_Try it:_ Reproduce the data exactly and drop any pictures it holds.

_Records shown:_
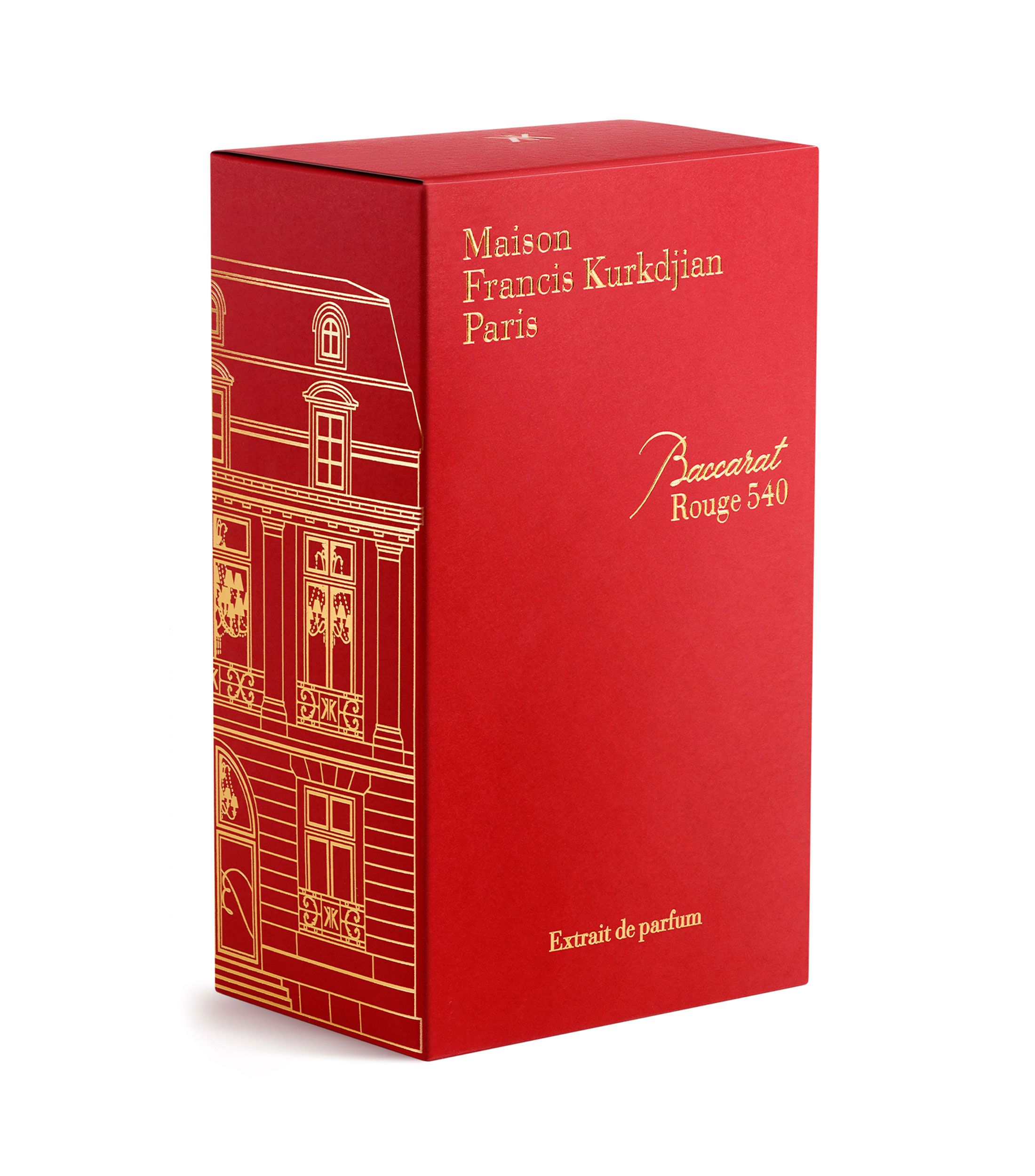 Perfume Baccarat Rouge 540, Extrait de Parfum 200 ml Unisex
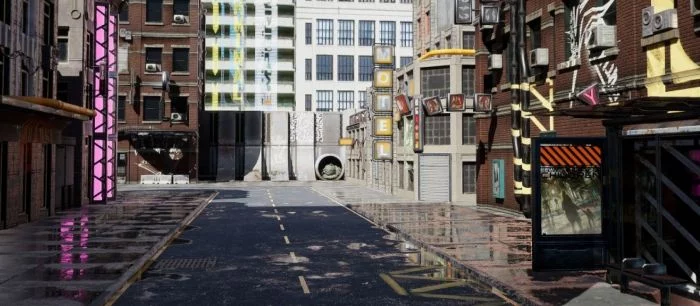 В июле выйдет Cyberpunk 2069 (Обновлено: Cyberpunk 2069 превратилась в Cyberprank 2069)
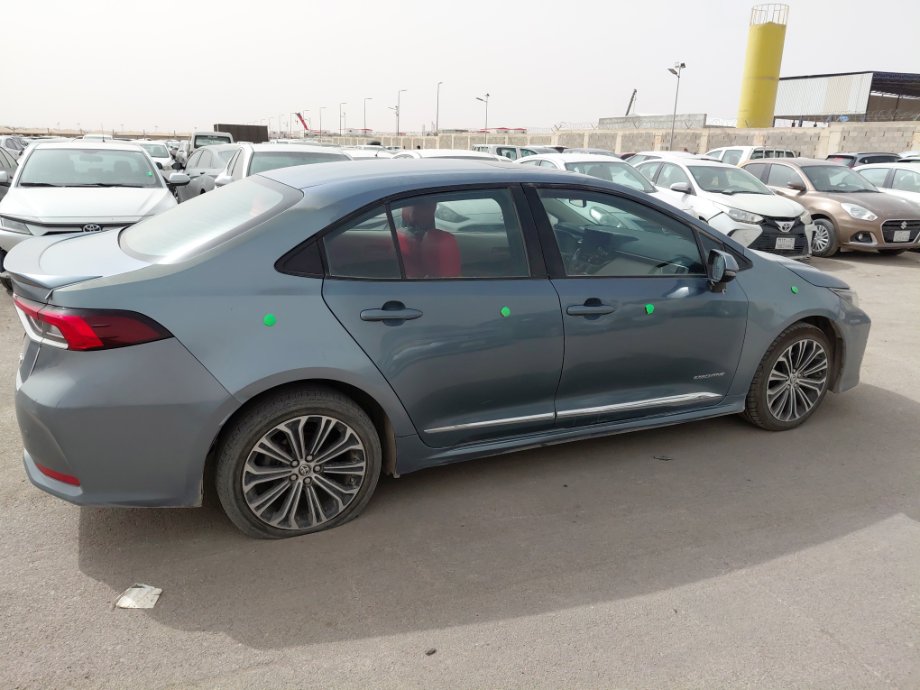 تويوتا كورولا XLI EXECUTIVE M/R  2021 image
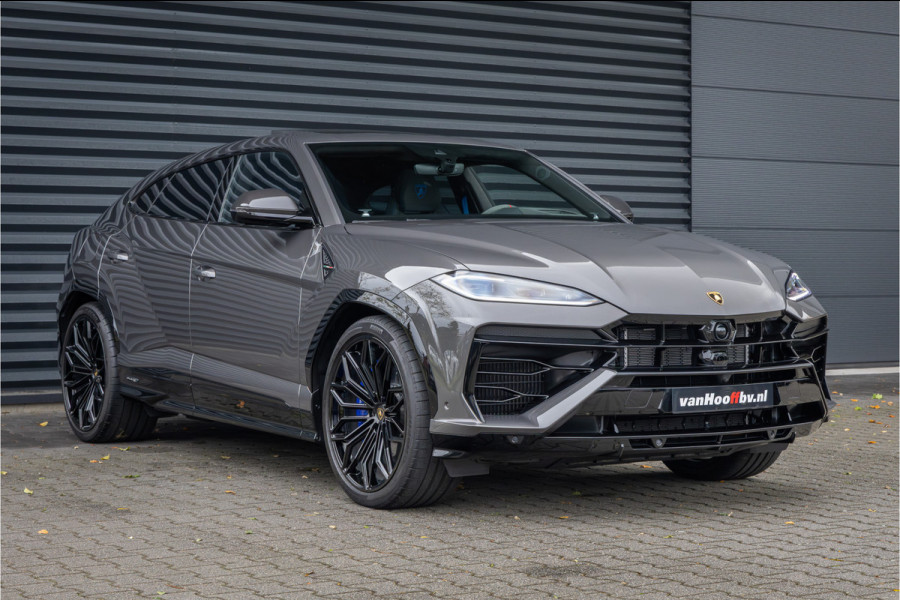 Lamborghini Urus 4.0 V8 Hybrid SE -Grigio Keres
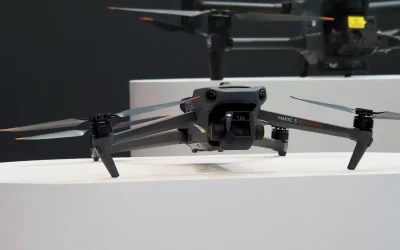 Certificación C2 – Drones DJI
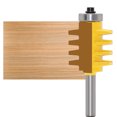 thumbnail image 3 of Dvkptbk Bit de Routeur Réglable Boîte & Joint de Doigt Bit de Routeur Outils de Coupe pour Menuiserie Essentiels pour la Maison en Liquidation, 3 of 4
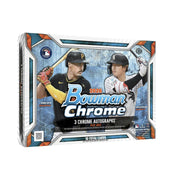 2026 Bowman Chrome Baseball Delight 6-Box Case (Presell)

_Task answer:_
 Perfume Baccarat Rouge 540, Extrait de Parfum 200 ml Unisex
 В июле выйдет Cyberpunk 2069 (Обновлено: Cyberpunk 2069 превратилась в Cyberprank 2069)
 تويوتا كورولا XLI EXECUTIVE M/R  2021 image
 Lamborghini Urus 4.0 V8 Hybrid SE -Grigio Keres
 Certificación C2 – Drones DJI
 thumbnail image 3 of Dvkptbk Bit de Routeur Réglable Boîte & Joint de Doigt Bit de Routeur Outils de Coupe pour Menuiserie Essentiels pour la Maison en Liquidation, 3 of 4
 2026 Bowman Chrome Baseball Delight 6-Box Case (Presell)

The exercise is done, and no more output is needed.